What you will do: What's wanted is each entry repeated verbatim, minus its images.
──────────────────────────────
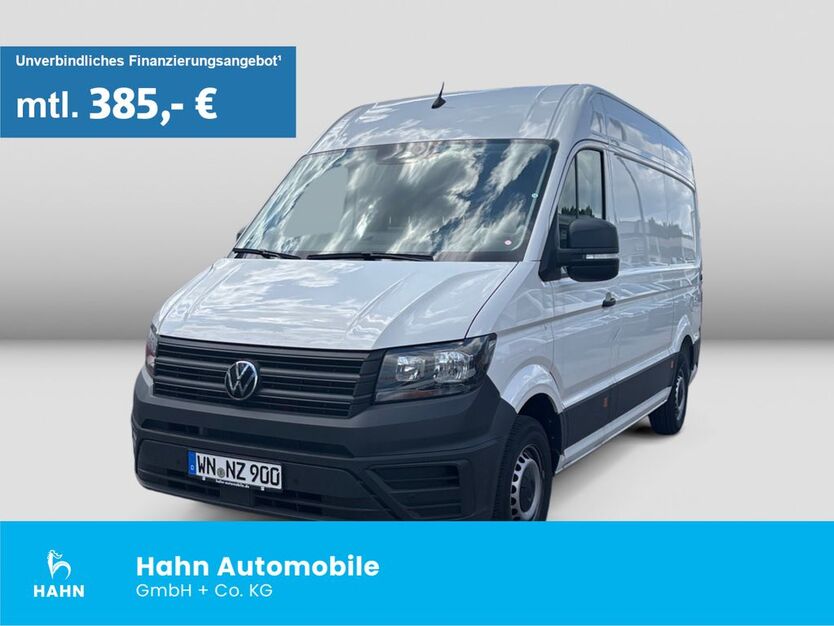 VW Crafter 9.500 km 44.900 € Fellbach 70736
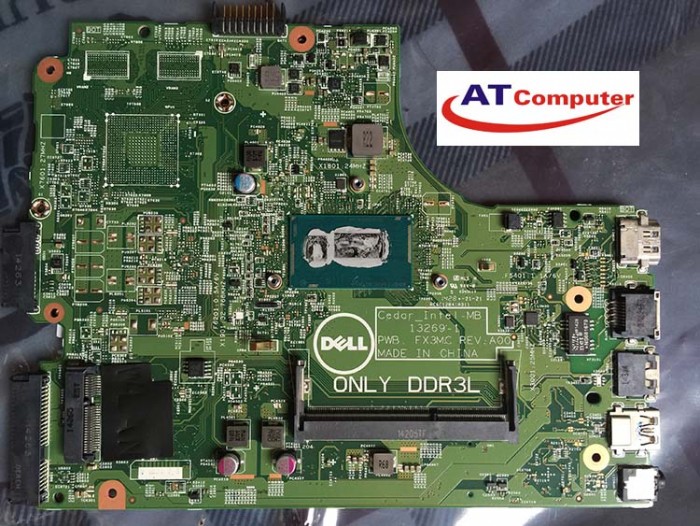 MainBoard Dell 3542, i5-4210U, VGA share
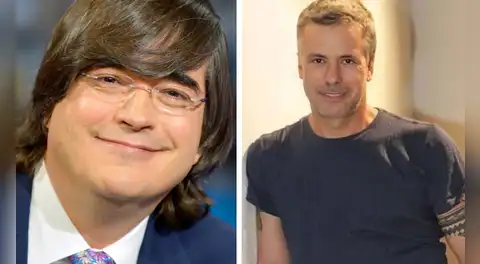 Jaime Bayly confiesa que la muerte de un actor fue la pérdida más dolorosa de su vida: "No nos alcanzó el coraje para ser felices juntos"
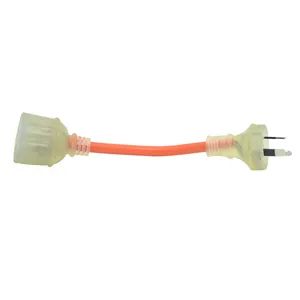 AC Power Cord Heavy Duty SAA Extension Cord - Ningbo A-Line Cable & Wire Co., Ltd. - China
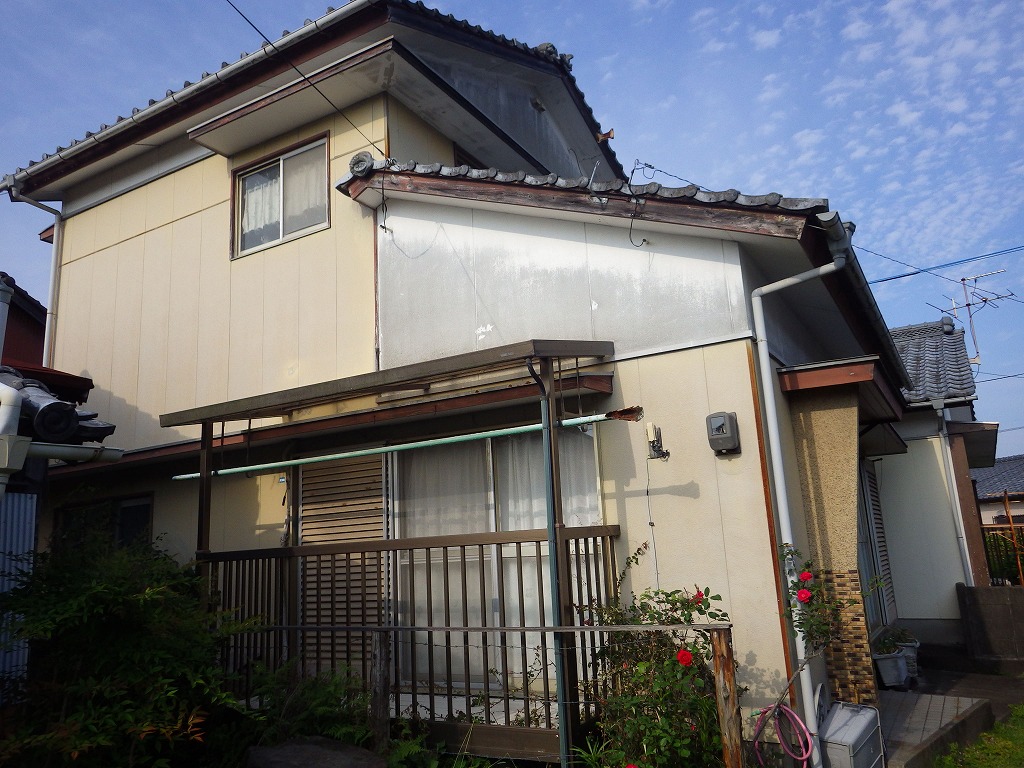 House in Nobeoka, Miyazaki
──────────────────────────────
Solution for this problem:
 VW Crafter 9.500 km 44.900 € Fellbach 70736
 MainBoard Dell 3542, i5-4210U, VGA share
 Jaime Bayly confiesa que la muerte de un actor fue la pérdida más dolorosa de su vida: "No nos alcanzó el coraje para ser felices juntos"
 AC Power Cord Heavy Duty SAA Extension Cord - Ningbo A-Line Cable & Wire Co., Ltd. - China
 House in Nobeoka, Miyazaki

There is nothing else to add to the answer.